== Work instruction ==
From the line that contains "image for item" to the last line of the entries, set down each line exactly as written, both ends included, with nothing else.

== Available data ==

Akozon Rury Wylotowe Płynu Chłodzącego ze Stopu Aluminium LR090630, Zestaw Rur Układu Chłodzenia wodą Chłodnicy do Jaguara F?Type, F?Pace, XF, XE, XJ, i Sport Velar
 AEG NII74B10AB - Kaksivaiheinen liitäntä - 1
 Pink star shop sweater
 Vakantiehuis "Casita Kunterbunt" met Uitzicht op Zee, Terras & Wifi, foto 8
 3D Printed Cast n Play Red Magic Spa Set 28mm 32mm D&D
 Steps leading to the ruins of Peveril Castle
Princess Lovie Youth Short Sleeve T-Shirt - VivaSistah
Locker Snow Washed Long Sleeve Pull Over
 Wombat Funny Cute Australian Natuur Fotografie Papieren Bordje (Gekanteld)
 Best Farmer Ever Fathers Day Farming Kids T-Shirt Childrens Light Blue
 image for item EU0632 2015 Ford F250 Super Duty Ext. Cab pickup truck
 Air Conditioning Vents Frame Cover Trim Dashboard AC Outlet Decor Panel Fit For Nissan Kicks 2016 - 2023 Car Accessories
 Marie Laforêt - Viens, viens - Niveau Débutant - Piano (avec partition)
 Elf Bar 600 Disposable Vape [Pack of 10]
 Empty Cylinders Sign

== Solution to the problem ==
 image for item EU0632 2015 Ford F250 Super Duty Ext. Cab pickup truck
 Air Conditioning Vents Frame Cover Trim Dashboard AC Outlet Decor Panel Fit For Nissan Kicks 2016 - 2023 Car Accessories
 Marie Laforêt - Viens, viens - Niveau Débutant - Piano (avec partition)
 Elf Bar 600 Disposable Vape [Pack of 10]
 Empty Cylinders Sign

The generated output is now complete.